## WHAT TO DO
Below are the records; copy each line in them that holds the word "Floral".

## RAW DATA
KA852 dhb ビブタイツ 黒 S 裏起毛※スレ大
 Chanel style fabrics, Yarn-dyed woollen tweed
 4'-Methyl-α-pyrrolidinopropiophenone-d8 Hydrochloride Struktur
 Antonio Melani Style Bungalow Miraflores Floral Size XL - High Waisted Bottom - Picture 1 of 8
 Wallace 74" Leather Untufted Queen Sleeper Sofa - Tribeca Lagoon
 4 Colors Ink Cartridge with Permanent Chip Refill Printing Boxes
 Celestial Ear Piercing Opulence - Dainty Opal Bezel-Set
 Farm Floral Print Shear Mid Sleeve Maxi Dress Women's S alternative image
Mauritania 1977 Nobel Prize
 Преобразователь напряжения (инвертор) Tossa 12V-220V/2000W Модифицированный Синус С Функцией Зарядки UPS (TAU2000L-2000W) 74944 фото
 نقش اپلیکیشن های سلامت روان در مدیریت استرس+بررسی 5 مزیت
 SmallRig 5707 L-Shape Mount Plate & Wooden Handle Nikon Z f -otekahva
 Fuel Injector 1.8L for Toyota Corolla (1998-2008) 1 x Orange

## TASK SOLUTION
 Antonio Melani Style Bungalow Miraflores Floral Size XL - High Waisted Bottom - Picture 1 of 8
 Farm Floral Print Shear Mid Sleeve Maxi Dress Women's S alternative image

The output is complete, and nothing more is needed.